This tutorial will introduce CPU performance considerations for the popular Wide and Deep model to solve recommendation system problems and how to tune run-time parameters to maximize performance using Intel® Optimizations for TensorFlow. This tutorial also includes a hands-on demo on Intel Model Zoo's Wide and Deep pretrained model built using a dataset from Kaggle's Display Advertising Challenge to run online (real-time) and batch inference.
Google's latest innovation to solve some of the shortcomings in traditional recommendation systems is the Wide and Deep model, which combines the best aspects of linear modeling and deep neural networks to outperform either approach individually by a significant percentage. In practice, linear models follow the simple mechanism of capturing feature relationships, resulting in a lot of derived features. This piece of the topology is called “wide” learning, while the complexities to generalize these relationships are solved by the "deep" piece of this topology. This wide and deep combination has proven to be a robust approach in handling the underfitting and overfitting problems caused by unique feature combinations, however at the cost of significant compute power. Google has published a blog on Wide and Deep learning with TensorFlow, and Datatonic has published performance gains of CPU over GPU for these types of models.

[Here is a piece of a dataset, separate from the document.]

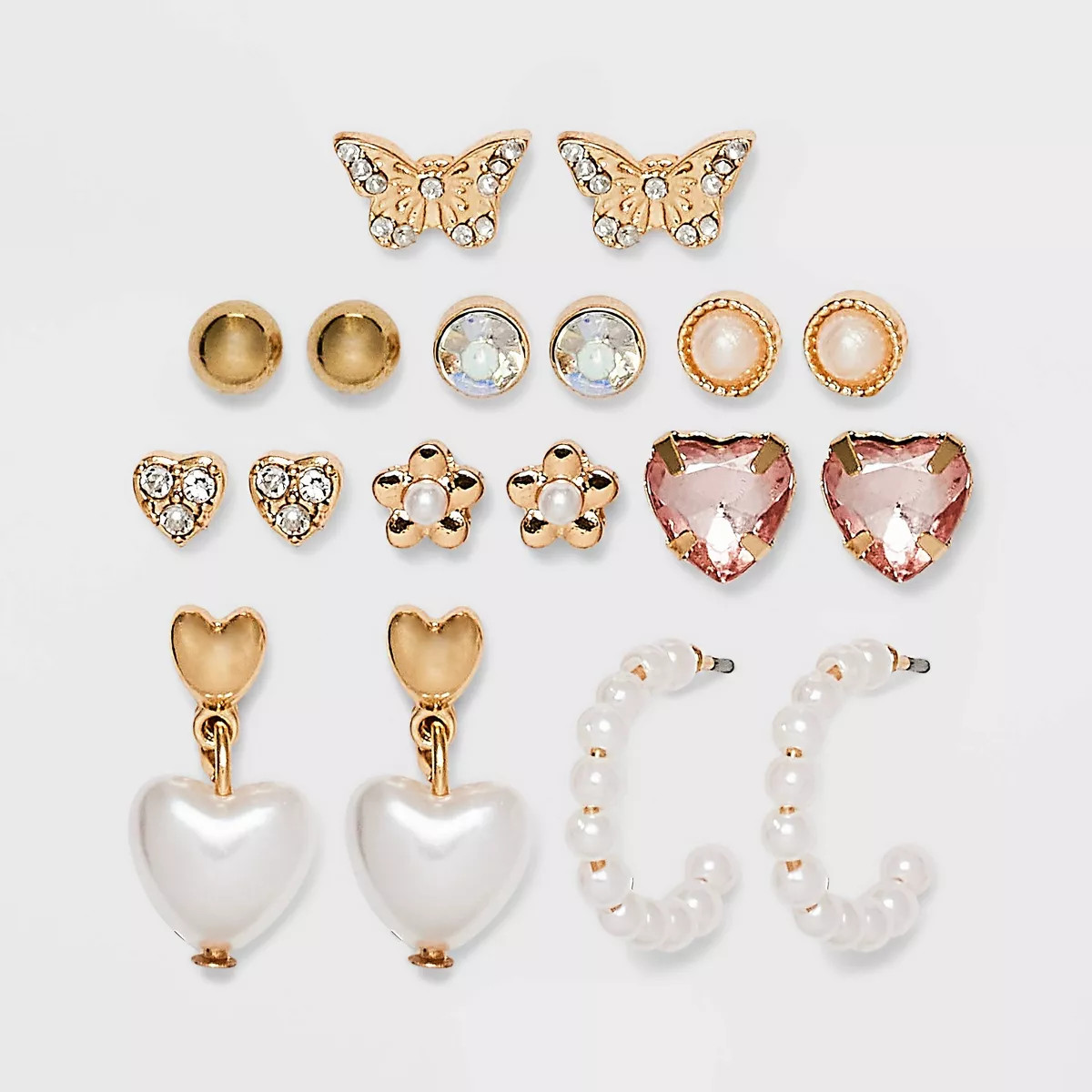 Girls' 9pk Heart Drop and Beaded Hoops Earring Set - Cat & Jack™ | Target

Although there is no one-size-fits-all solution to maximize Wide and Deep model performance on CPUs, understanding the bottlenecks and tuning the run-time parameters based on your dataset and TensorFlow graph can be extremely beneficial.
A recommendation system with Wide and Deep model topology comes with two main caveats: Unlike image recognition models such as ResNet50 or ResNet101, the "wide" component of this model performs more “independent” operations and does not provide opportunities to exploit parallelism within each node, while, the "deep" component of this topology demands more parallelism within each node.
The wide or linear component of this topology depends on the data features, i.e. on the dataset width. The deep component depends on the number of hidden units in the graph where threading can be enabled within the operations, hence exhibiting a direct relation to compute power. This setback can be eliminated by setting the right number of intra_op_threads and OMP_NUM_THREADS. Note that while tuning these important run-time parameters, do not over/under use the threadpool.
Run-time options | Recommendations |
---|---|
Batch Size | 512 |
Hyperthreading | Enabled. Turn on in BIOS. Requires a restart. |
intra_op_parallelism_threads | 1 to physical cores |
inter_op_parallelism_threads | 1 |
Data Layout | NC |
Sockets | all |
KMP_AFFINITY | granularity=fine,noverbose,compact,1,0 |
KMP_BLOCKTIME | 1 |
OMP_NUM_THREADS | 1 to physical cores |
Note: Refer to this article to learn more about the run time options.
Intel's data science team trained and published a Wide and Deep model on Kaggle's Display Advertising Challenge dataset, and has empirically tested and identified the best run-time settings to run inference, which is illustrated below in the hands-on-tutorial section.
Run the following commands to get your processor information:
a. #physical cores per socket:
lscpu | grep "Core(s) per socket" | cut -d':' -f2 | xargs
b. #all physical cores:
lscpu -b -p=Core,Socket | grep -v '^#' | sort -u | wc -l
Below is a code snippet you can incorporate into your Wide and Deep TensorFlow application to start tuning towards the best settings. You can either set them in the CLI or in the Python script. Note that inter and intra_op_parallelism_threads settings can only be set in the Python script.
export OMP_NUM_THREADS=no of physical cores
export KMP_AFFINITY="granularity=fine,noverbose,compact,1,0"
export KMP_BLOCKTIME=1
export KMP_SETTINGS=1
(or)
import os
os.environ["KMP_BLOCKTIME"] = "1"
os.environ["KMP_SETTINGS"] = "1"
os.environ["KMP_AFFINITY"]= "granularity=fine,verbose,compact,1,0"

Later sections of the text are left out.